La decisión se produce en plena escalada de las protestas en Irán y de la represión del Gobierno, que, según organizaciones de derechos humanos, se ha saldado con más de 600 muertos en las últimas tres semanas. Al mismo tiempo, Trump tiene sobre la mesa un amplio abanico de opciones militares y encubiertas para una posible intervención estadounidense, que incluye desde ataques con misiles de largo alcance hasta operaciones cibernéticas y campañas psicológicas, según dos funcionarios del Departamento de Defensa citados por CBS News.

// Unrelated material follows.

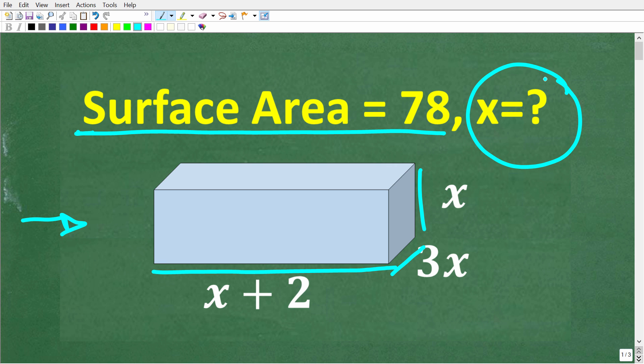Feel free to use a calculator, but if you think you know the answer, put that into the comment section. I'm going to show you the correct solution in just one second, and then I'm going to solve this problem step by step.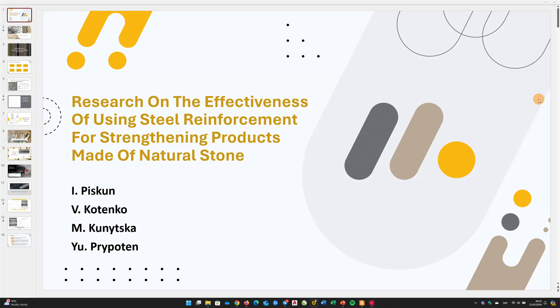Greetings, distinguished guests. I would like to present to your attention a report on the topic: Research on the Effectiveness of Using Steel Reinforcement for Strengthening Products Made of Natural Stone.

La Casa Blanca ha confirmado que un funcionario iraní ha contactado con el enviado especial de Trump, Steve Witkoff, en un tono conciliador, lo que contrasta con la postura pública de Teherán. Aun así, el propio Trump ha advertido de que su Ejército está considerando "opciones muy fuertes" si continúan las muertes de manifestantes, y ha asegurado que líderes iraníes le han llamado "para negociar", aunque ha dejado la puerta abierta a una acción antes de que se celebre cualquier reunión.
El equipo de seguridad nacional del presidente tiene previsto reunirse este martes en la Casa Blanca para analizar los siguientes pasos respecto a Irán, aunque no está claro si Trump participará personalmente. Fuentes del Pentágono señalan que cualquier respuesta militar probablemente se basaría en el uso del poder aéreo, además de acciones para interrumpir las estructuras de mando y las comunicaciones del régimen, según medios internacionales.
La amenaza de los nuevos aranceles ya está teniendo un impacto en los mercados energéticos. Los operadores de petróleo están incrementando la cobertura frente a una posible subida de los precios a un ritmo sin precedentes, ante el temor de que la crisis política y las protestas en Irán deriven en interrupciones del suministro.
Irán, que ya sufre severas sanciones estadounidenses, atraviesa una grave crisis económica marcada por el colapso de su moneda y una inflación elevada, factores que han alimentado el descontento social y han desembocado en una crisis de legitimidad para el líder supremo, el ayatolá Alí Jamenei. Aunque el ministro de Exteriores iraní ha afirmado que Teherán está abierto a conversaciones con Washington, también ha subrayado que el país sigue "preparado para la guerra".
Mientras tanto, Estados Unidos ha instado a sus ciudadanos en Irán a abandonar el país o a contar con un plan de salida que no requiera asistencia del Gobierno estadounidense, en un contexto de creciente incertidumbre sobre la evolución del conflicto.